As a rough estimate, I usually end up completing about 70% of the things I planned on getting done at the beginning of the week. Sometimes there are emergencies to handle and I’m the best person to handle them, or things break unexpectedly that I’m in the best position to fix.
I’ve had jobs where completing 65% of what we had planned at the beginning of the week would be considered superhuman.
Part of why 65% isn’t that bad of a number is that our standard is “unreasonably fast”. We are always planning to get an unreasonable amount of things done any given week, because our growth means there’s always a lot to plan for, and a lot of unexpected issues to solve. So it’s 65% of a lot. You still want to get to 100%, and we often do. But you have to plan on unreasonable results to have a chance at getting them.
The 100% weeks must be crazy weeks in product.

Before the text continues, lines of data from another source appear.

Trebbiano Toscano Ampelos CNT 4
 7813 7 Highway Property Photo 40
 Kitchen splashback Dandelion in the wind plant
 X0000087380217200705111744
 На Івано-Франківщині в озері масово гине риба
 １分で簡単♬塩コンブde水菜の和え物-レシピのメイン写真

Product is a really creative environment. Sometimes work really hard to get a big, urgent thing done and it wears you out. But there’s a period of recovery; you can’t keep up that pace all the time, and the days after that you do a little less. At Clipboard that’s fine because we aren’t a regular job where everything is happening in a 9-5; there’s flexibility. People are looking more at what you accomplish and less at the time you spend on the clock.
There was an example of this from a few months ago. I learned my university is doing a career fair. So I signed up, and that ended up being an entire week of work for me. We ended up participating in two career fairs. Bo (Clipboard’s president) taught a master class. I spent time deciding who was going to do our pitch and who was going to be on our “speed dating” panel.
It was a lot of work, and not just for me. But finding the right people to hire is important, so it was something where I could go to George (Editor’s note: George Markoulakis, Clipboard’s head of product) and say “can we spend some effort and resources on this” and got an “absolutely, let’s do it”.
That was one of the big differences for me that I noticed right away when I came to Clipboard Health. We are willing to spend a lot of time on hiring compared to any other company I’ve worked for.
Our threshold right now is that anyone who we hire for the product team needs to be better at something than anyone else we have on the team, to bring something we don’t have right now. And right now we have some of the most brilliant people I’ve ever worked with, so sometimes I do an interview and say “this was great, but he’s not Alex Wong.”
You have to do math better than Jaron, or have a better business sense than me, or do metrics better than Alex Wong, or be better at automation than Will. And these are all brilliant people; it’s a stacked team.
It’s like trying to join the ‘96 Chicago Bulls.
It’s a US Basketball team. It was one of the teams Michael Jordan played for.
Ben, I’m from Spain.
You are in San Francisco right now though, right?
Yes! I had some extra time after a product team on-site and I work remotely, so I was able to just spend a few weeks here.
How do you like it?
It’s been great to meet new people and discover the city, but I think I’m itching to go to a new place already.
What town do you like better? Where’s your favorite place you’ve ever visited?
I think I miss whatever place I’m not. Barcelona is amazing, it’s this combination of safe, international and European. It’s a very chill artistic environment.
But there’s a square in Mexico City called Plaza Cibeles, it has all these plants and great street food. I love it and I miss it. But I think I miss the places I’m not; in Barcelona I missed Mexico City, and now that I’m in San Francisco I miss both.